There is one experience (at least) of reading Scripture, there is another altogether different of being “read by Scripture.” Both are quite valid but very different things. Reading Scripture is, of course, something we do all the time – perhaps so much so that we rarely stop to think about what we are doing. It is never a simple gathering of facts (like reading a newspaper article), nor is it like reading a novel in which we are simply entertaining ourselves. Scripture exists as a peculiar writing and not because of theories that are frequently put forward in fundamentalist circles.
In those circles we can be told that the Scriptures are what they are because the writers were simply taking passive dictation. This would be a strange thing indeed and would make almost no sense of any of the Epistles. The Gospels demonstrate a clear shaping that is more than accident. The writers seem to know what they are doing.

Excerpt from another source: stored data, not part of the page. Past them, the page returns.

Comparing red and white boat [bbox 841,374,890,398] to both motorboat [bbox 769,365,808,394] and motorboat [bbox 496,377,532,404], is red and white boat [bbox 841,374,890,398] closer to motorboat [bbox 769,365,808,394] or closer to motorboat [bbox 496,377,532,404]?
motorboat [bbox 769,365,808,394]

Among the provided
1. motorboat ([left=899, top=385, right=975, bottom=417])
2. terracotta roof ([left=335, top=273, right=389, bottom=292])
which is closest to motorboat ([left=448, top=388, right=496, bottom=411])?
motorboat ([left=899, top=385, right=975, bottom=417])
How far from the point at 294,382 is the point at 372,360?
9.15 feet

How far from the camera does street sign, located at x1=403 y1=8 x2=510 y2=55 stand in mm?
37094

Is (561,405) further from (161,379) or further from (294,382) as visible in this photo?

Several postings back I noted that the Seventh Council stated that “Icons do with color what Scripture does with words.” In the theological writings that surrounded that council the “do with” was largely explained in terms of “representation.” When St. Theodore the Studite wrote about the Holy Icons he referred to them as “hypostatic representations,” that is, of representations of the “person,” rather than representations of the “substance” portrayed. That is, when we paint an icon we cannot portray the “Divinity” of someone (such as Christ), nor for that matter can we portray the “humanity” of someone, such as you or me.
Imagine if you will a painting entitled, “Humanity.” I suspect what you would get would be something only a committee spending someone else’s money could love. Humanity, as the substance, or being, that we all share together cannot be portrayed – only when it is actually presented in concrete form as “Peter,” or “Paul,” or someone else, are we able to see it.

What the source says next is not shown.